When looking at individual items or any of these metrics, users should be able to quickly and easily sort categories by ascending or descending values and change how that data is displayed. Finding the most significant variances between ordered and received amounts is quick and easy, whether for one or multiple locations. Add onto that the ability to look and see who you are ordering the most food from, spending the most with, and variance trends finally give managers the upper hand in their constant effort to control food costs.
By layering dashboards with data-driven labor and scheduling tools that build profitable schedules based on historic sales combined with budgets and forecasts, managers can quickly and easily access and act on insightful information about actual versus scheduled labor across different metrics, locations, and time periods. This dashboard provides the ability to see, in aggregate or detail, hours deployed, shift counts deployed, wages, and labor percentage. Those metrics can then be compared to what was scheduled, providing variances and a daily breakdown in a highly visible format to help managers control issues like overtime and untimely punches in real-time.
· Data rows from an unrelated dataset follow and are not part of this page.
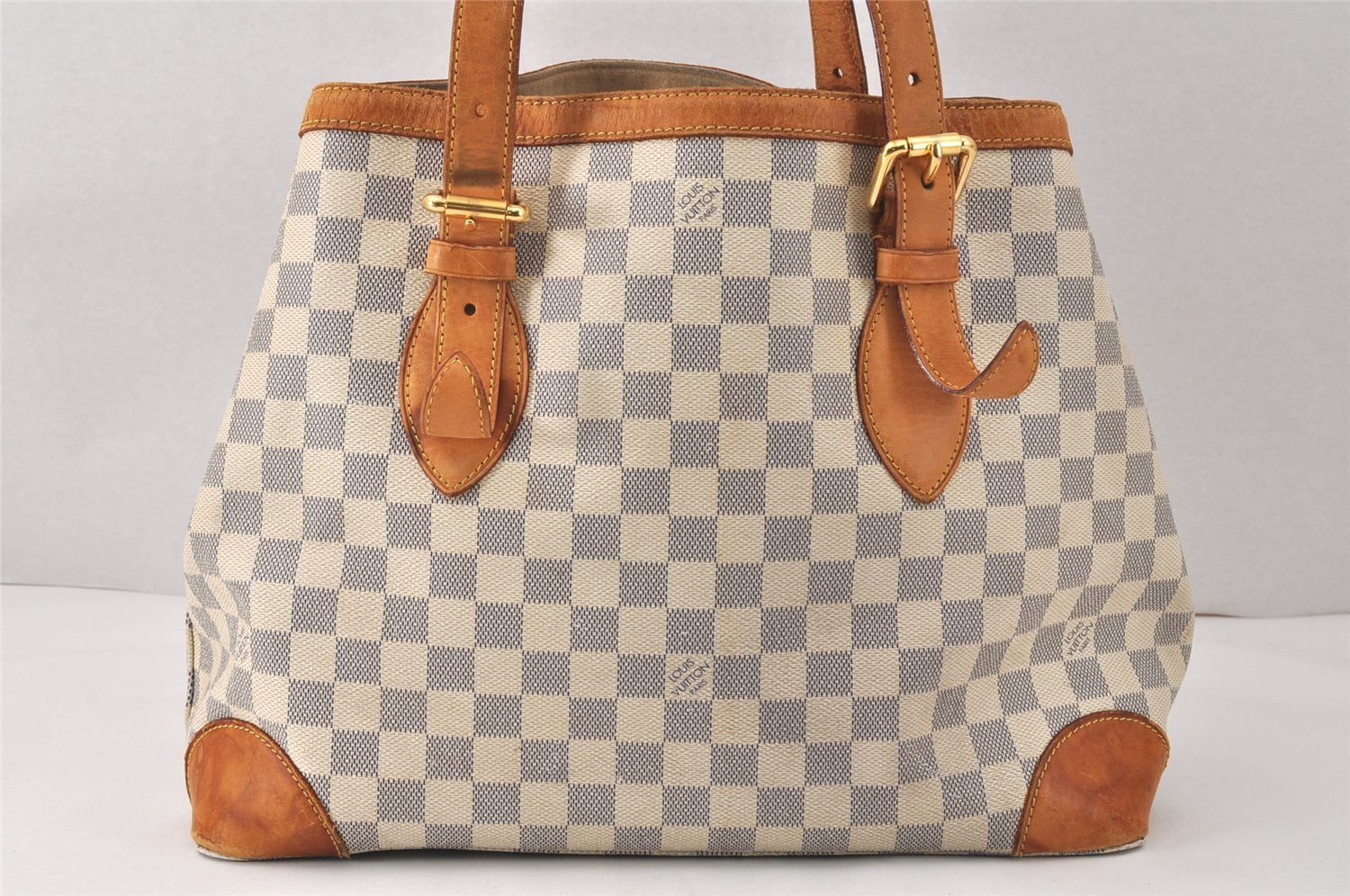 Authentic Louis Vuitton Damier Azur Hampstead MM N51206 Shoulder Tote Bag 4424K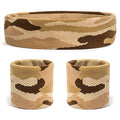 Suddora Camo Headband/Wrist Band Set - Camouflage Sweatbands for Basketball, Tennis, Working Out, Gym - color: Camo Tan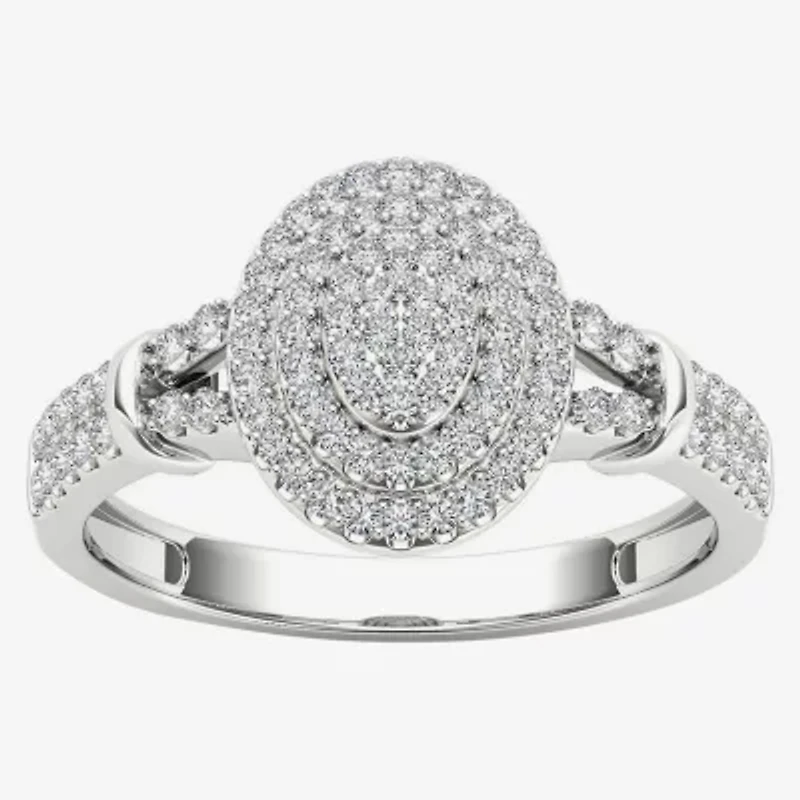 Womens 1/4 CT. T.W. Natural White Diamond 10K Gold Oval Side Stone Halo Engagement Ring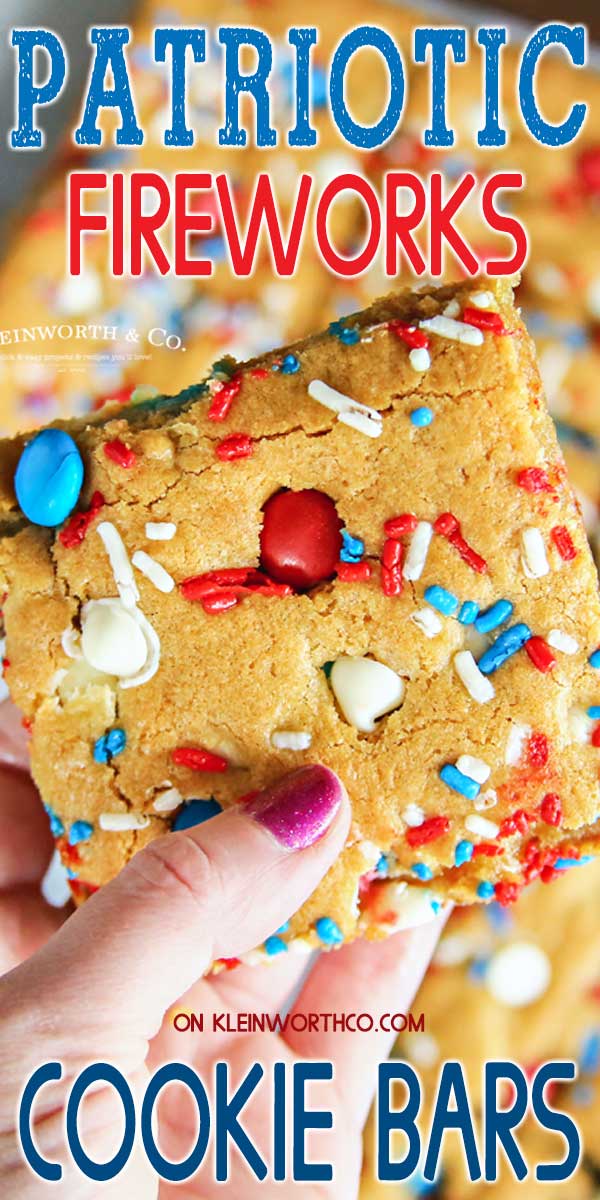 Patriotic M&M's Cookie Bars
The dashboards could also be broken out by job title, job code, or employee name to identify the source of a challenge and an easy-to-act-on list of who might need further training and who went above and beyond. That same analysis can also be applied to managers overseeing individual shifts to quickly and easily see high-level and granular labor performance data. Pairing that with metrics like actual entrees per labor hour, sales per labor hour, overtime hours, regular wages, and the like, displayed either at location or employee levels, helps managers meaningfully understand how to provide clear guidance to individuals and how the overall business can improve.
Now is the time for restaurant managers to take their proactive role as the heart of the business to the next level. By implementing properly designed dashboards based on labor, sales, and product mix, inventory & purchasing, and intraday data, they can consolidate all of their data into streamlined visuals that make it easier to see exactly what’s going on in real-time, and now more than ever it’s important to have control over our restaurants. Not only will this empower managers with a better understanding of their limitations and potential areas of growth, but it will also allow access to an unprecedented source of lasting insight. Take advantage of automated data to give managers the tools they need to make smart decisions that drive sustainable success over the long term.